**ACTIVITY:** Lower down are entries containing pictures. Copy exactly, without those pictures, the lines from the line with "Ubebygd land til" through the line with "Provençal Short Tailed Blue (Everes alcetas)".

**AVAILABLE DATA:**
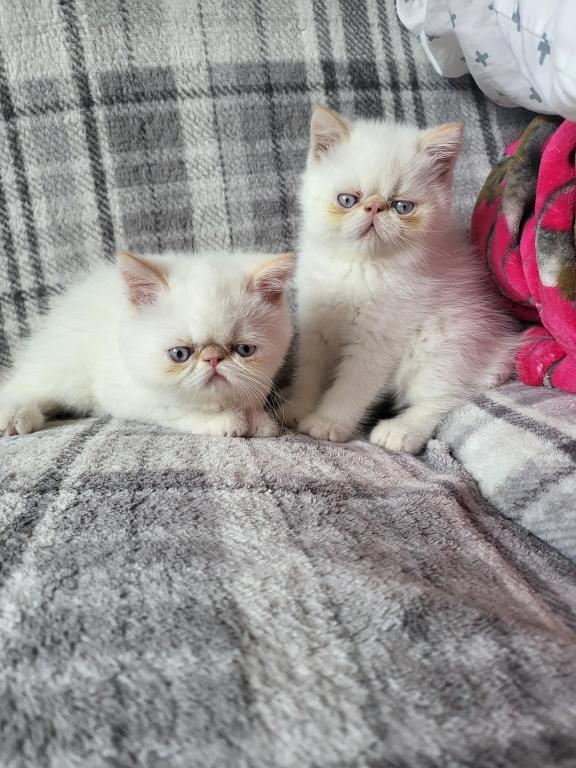 Flame Point Himalayan Male Kitten photo 2
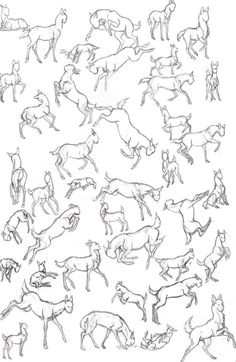 a bunch of horses that are drawn in black and white with some lines on them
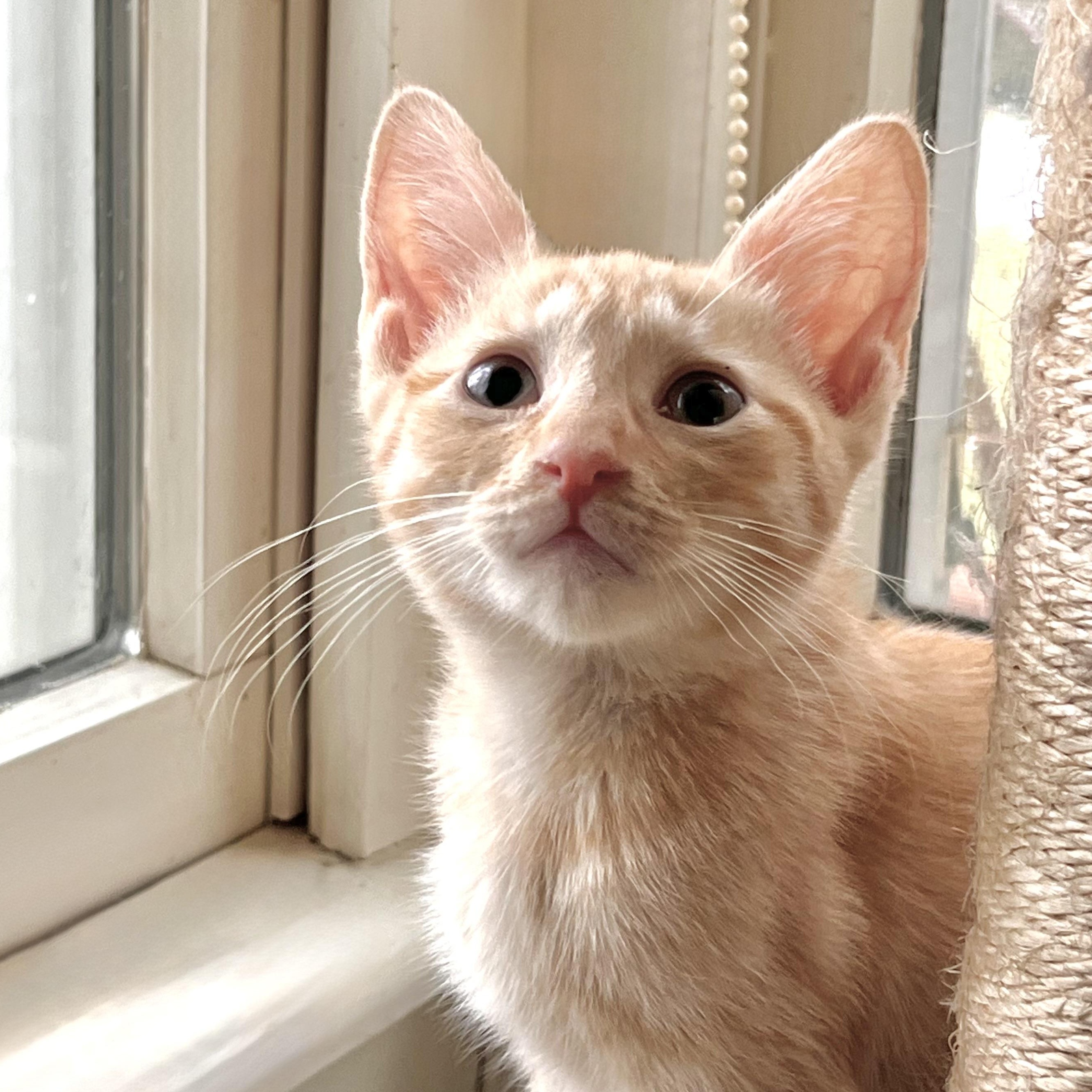 Enlarge Barnaby, an adopted Domestic Short Hair in Maplewood, NJ image 1/6
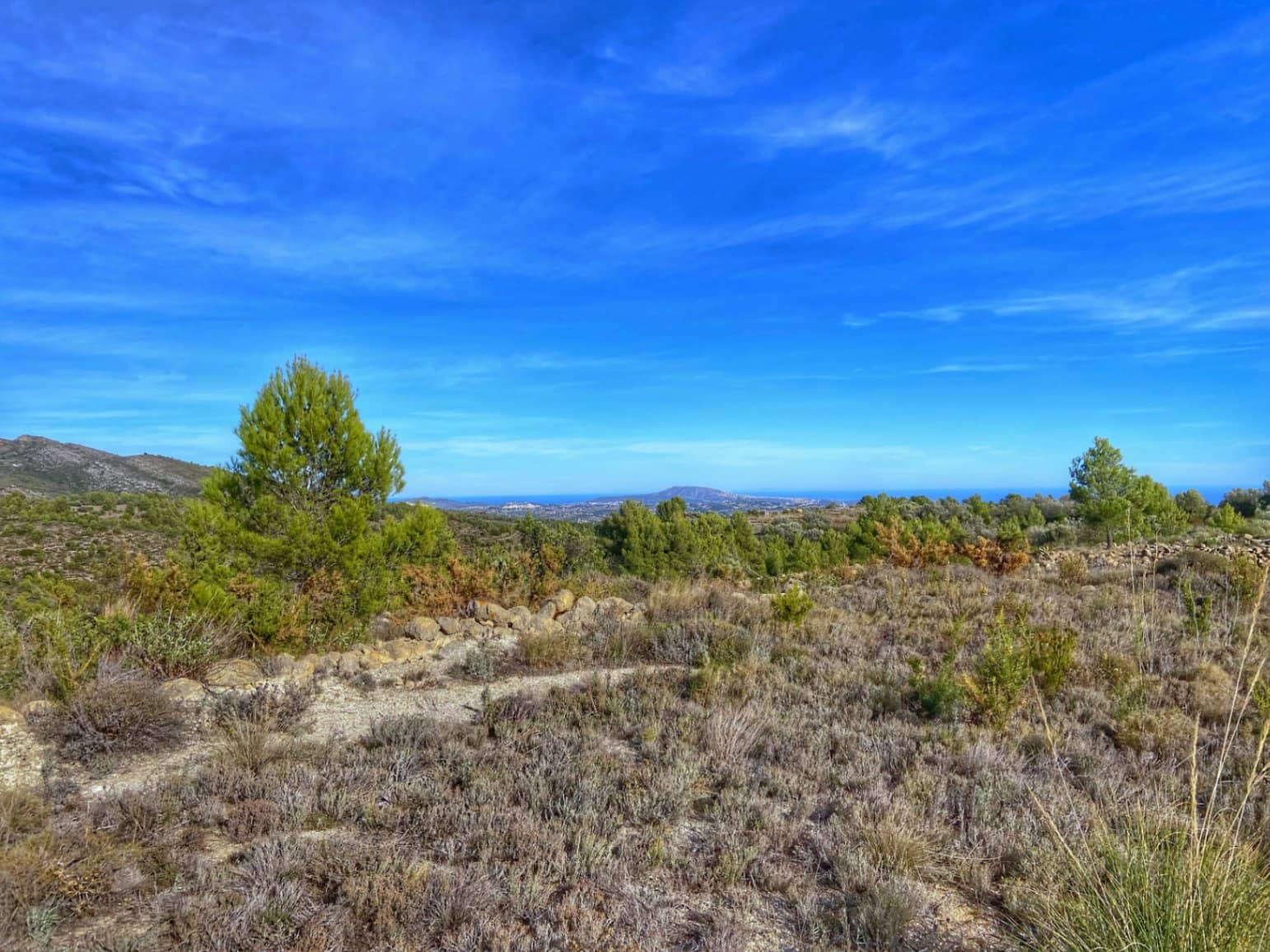 Ubebygd land til salgs i Jalon / Xalo - € 220 000 (Ref: 9073788)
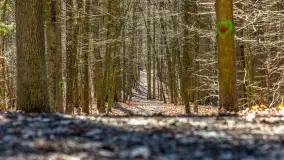 Spacer po parku im. Juliusza Słowackiego w Mrągowie - zdjęcie 11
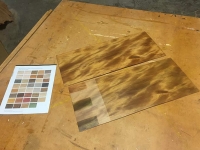 ColorTint_AncientKauri-8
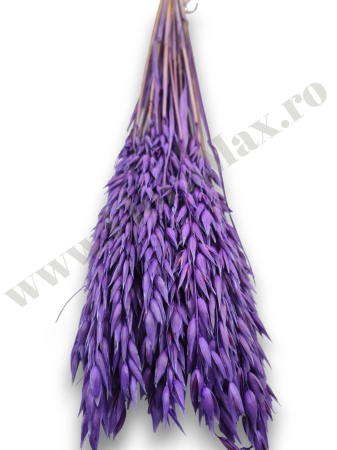 Avena Ovaz flori uscate naturale – buchet decorativ pufos pentru aranjamente florale si decor rustic [2]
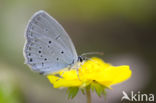 Provençal Short Tailed Blue (Everes alcetas)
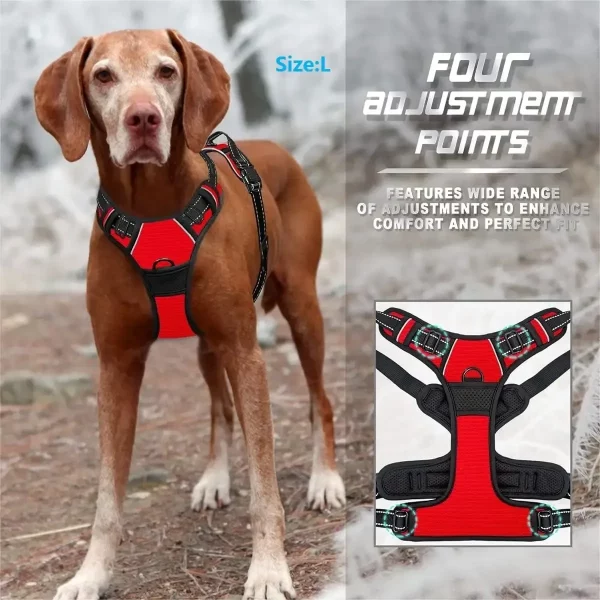 Close-up of the secure buckle on a dog harness
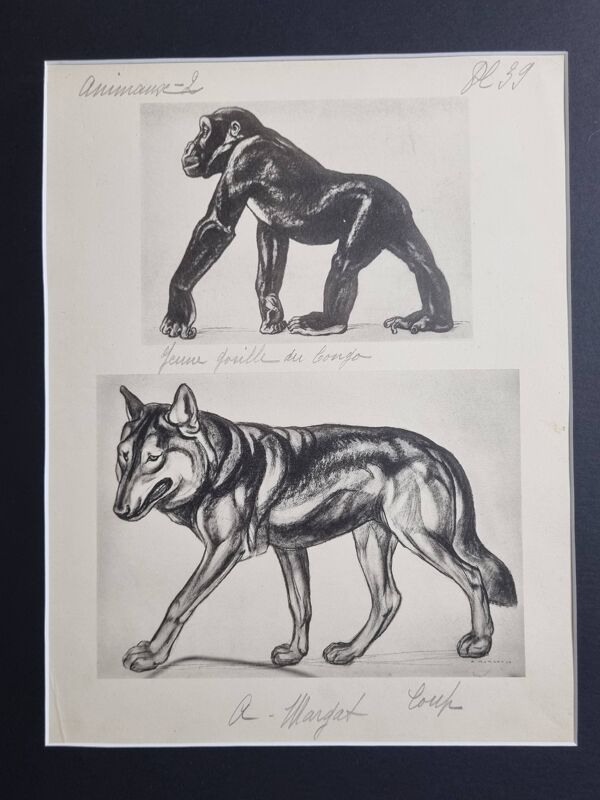 Planche illustrée, Études de Gorille et de Loup, Signée A. Margat, 1930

**EXERCISE SOLUTION:**
 Ubebygd land til salgs i Jalon / Xalo - € 220 000 (Ref: 9073788)
 Spacer po parku im. Juliusza Słowackiego w Mrągowie - zdjęcie 11
 ColorTint_AncientKauri-8
 Avena Ovaz flori uscate naturale – buchet decorativ pufos pentru aranjamente florale si decor rustic [2]
 Provençal Short Tailed Blue (Everes alcetas)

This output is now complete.